U.S. Pat. No. 5,101,163 (“the '163 patent) discloses measuring water fraction in an oil/water mixture by using at least one transmitting antenna and two receiving antennas. As disclosed, antennas are designed to emit and receive operating frequencies around 2.45 GHz through the multiphase fluid. The phase difference and/or the power ratio of the two received signals are determined and used with a look-up table to yield water fraction. The '163 patent discloses installing the antennas axially in such a way that one receiving antenna receives signal in the flow direction, while the other equally-spaced antenna receives its signal against the flow direction to provide for measurement of the phase difference of signals received by the two antennas, which is directly related to the flow velocity. The '163 patent does not disclose how to make corrections for instabilities in the flow due to gas nor does it disclosed how the microwave receivers' amplitude/phase difference or ratio measurements at 2.45 GHz compensate for changes in water salinity—different water salinities will cause the multiphase fluid containing the water to interact differently with the microwaves and to cause different amplitude attenuations and phase shifts.
Unlike the present invention, the '163 patent provides a method/system for measuring multiphase fluid flow that is entirely empirical and lacks a solid physics basis.

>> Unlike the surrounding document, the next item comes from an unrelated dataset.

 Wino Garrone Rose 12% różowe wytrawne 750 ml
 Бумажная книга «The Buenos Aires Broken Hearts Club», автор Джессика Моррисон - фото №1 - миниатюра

Further, the '163 patent does not disclose using radiation density measurements in connection with the microwaves to make measurements that take account of multiphase fluid flow inconsistencies, including but not limited to flow inconsistencies caused by gas.
U.S. Pat. No. 5,259,239 (“the '239 patent) discloses a hydrocarbon mass flow meter that uses the principle that the permittivity of a dry hydrocarbon—oil and/or gas—is closely related to its density. As such, by determining the mixture density using a gamma-ray densitometer, the changes in the hydrocarbon permittivity can be compensated for and the flow of the phases of the multiphase fluid determined. Unlike embodiments of the current invention, the '239 patent does not disclose oil/water mixture permittivity and conductivity corrections for salinity, use of pressure change monitoring to provide for the use of a low-activity radiation source nor does it disclose configuring the microwave measuring device and the radiation densitometer in the same cross-section to eliminate interpretation factors for axially developing phase-fractions and velocities in the multiphase flow measurement.